Alongside the deal, the IAEA and Iran agreed on a road map toward the conclusion of its investigation – a prerequisite for implementation of the deal itself.
That road map granted the IAEA increased access to key materials and facilities in Iran throughout the fall, and led to a December 2 agency report that found Tehran had conducted activities consistent with weaponization work over the course of several years. Much of that work ended upon the US invasion of Iraq in 2003, the IAEA director-general assessed.
With that report, the IAEA board found it acceptable to conclude the investigation.
“Closing the PMD [possible military dimensions] agenda item will in no way preclude the IAEA from investigating if there is reason to believe Iran is pursuing any covert nuclear activities in the future, as it had in the past,” Kerry asserted.
“In fact, the JCPOA – by providing for implementation of the additional protocol as well as other enhanced transparency – puts the IAEA in a far better position to pursue any future concerns that may arise.”
Israel is not convinced. Israel’s Foreign Ministry responded to the IAEA report by saying that it “clearly indicates once again that Iran has conducted a coordinated effort to develop a nuclear device, including activities taking place after 2003. For over a decade, Iran has been non-cooperative and deceptive.”
According to a statement issued by the ministry, “Serious doubts and outstanding issues regarding Iran’s program still remain.”
Iran, the statement read, “is still required to cooperate fully and in a satisfying manner” with the IAEA “to resolve all outstanding issues and verify the peaceful nature of Iran’s program.”
Yuval Steinitz, national infrastructure, energy and water minister, called the decision “political,” resulting from pressure from powers that brokered the JCPOA .
“The decision made today was political and not practical,” he said, “and for this reason it sends a wrong message to the Iranians that the international community is willing to look the other way.”
The American Israel Public Affairs Committee, which aggressively lobbied against the deal, also condemned the vote as a “deplorable” development.
“The IAEA is closing this file even after discovering further suspicious evidence and experiencing additional Iranian obstinacy,” the group said in a statement. “The IAEA could have recommended delaying ‘implementation day’ until Iran demonstrated substantial compliance with its obligation to explain its past illicit nuclear activities. This decision to whitewash the past represents an inauspicious beginning to the implementation process of the Joint Comprehensive Plan of Action.”
In Iran, the country’s foreign minister, Javad Zarif, praised the vote as a development toward the end of sanctions on the Islamic Republic.
“This resolution goes far beyond closing the issue of so-called PMD and cancels the 12 previous resolutions of the Council of Governors of the IAEA, which seriously restricted our country’s nuclear program,” Zarif is quoted saying.

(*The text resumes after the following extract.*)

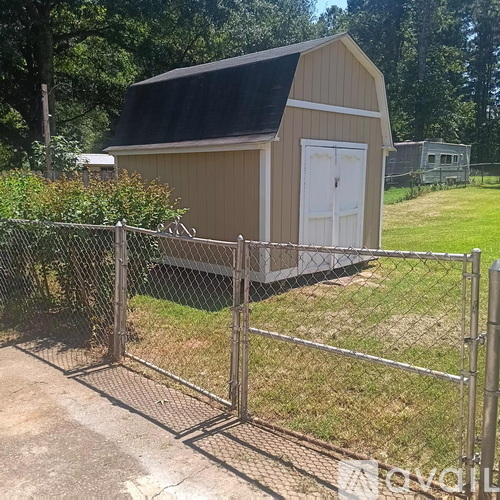 A shed with a white door is surrounded by a chain link fence.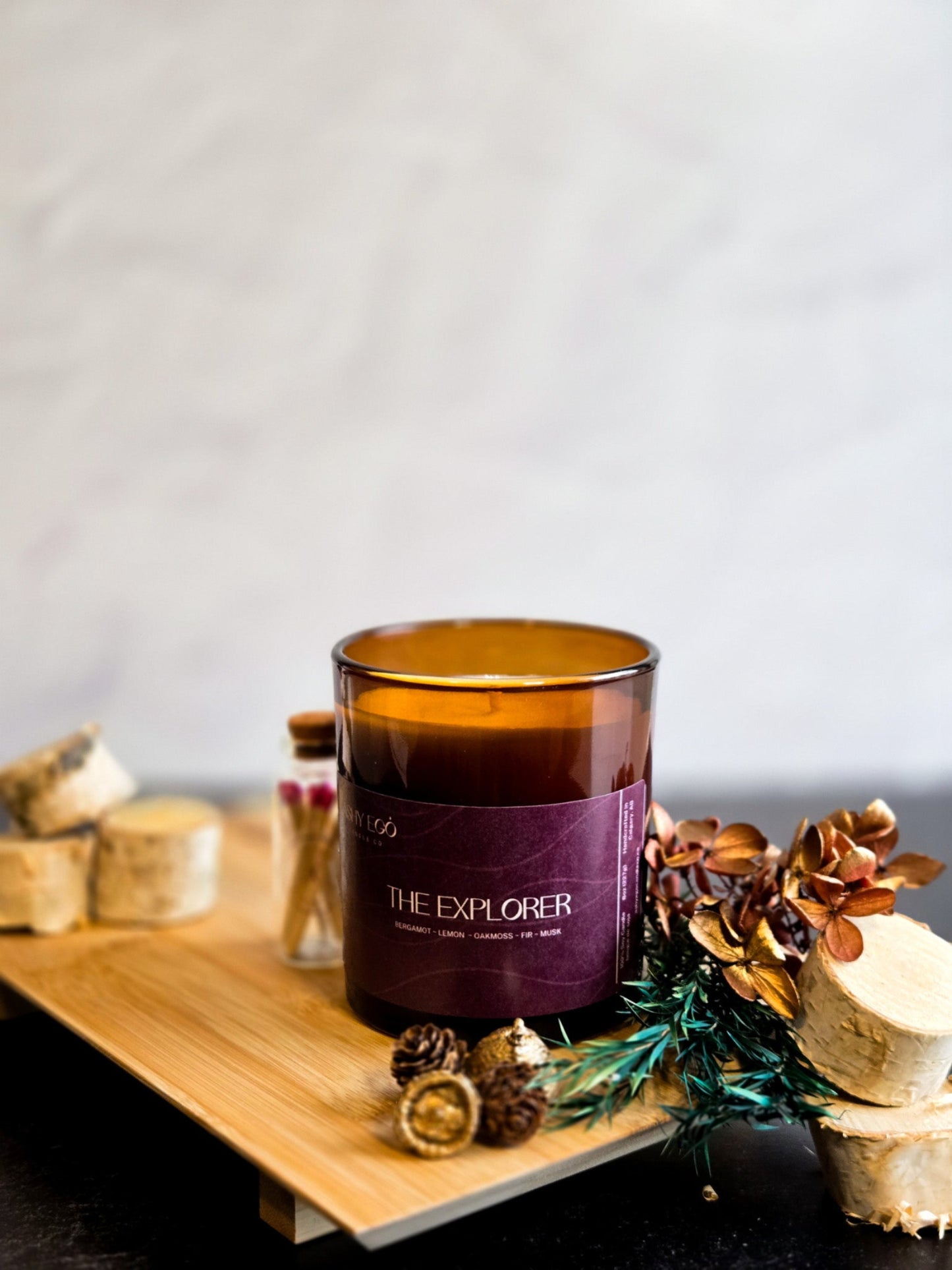 Candle labeled 'The Explorer' on a wooden surface with decorative elements.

“Implementation day” for the deal is not a set date on the calendar, but the day on which all commitments made by Iran are satisfactorily met – the dismembering of much of its nuclear infrastructure, the deconstruction of its plutonium reactor at Arak, and the installation of monitoring equipment, among other steps.
Iran is “undertaking the preparatory steps at quite high speed,” one IAEA official said on Tuesday.
But within hours of the IAEA vote, UN officials warned that Iran may have violated a separate set of international laws by conducting yet more ballistic missile tests.
The Emad rocket that Iran tested on October 10 was a ballistic missile capable of delivering a nuclear warhead, which makes it a violation of a United Nations Security Council resolution, a team of sanctions monitors said in a confidential new report.
“On the basis of its analysis and findings, the Panel concludes that [the] Emad launch is a violation by Iran of paragraph 9 of Security Council Resolution 1929,” the council’s Panel of Experts on Iran said in its new report.
In response to the report, the White House said it would not rule out additional punitive steps toward Iran that were consistent with US national security. Obama administration officials did not elaborate.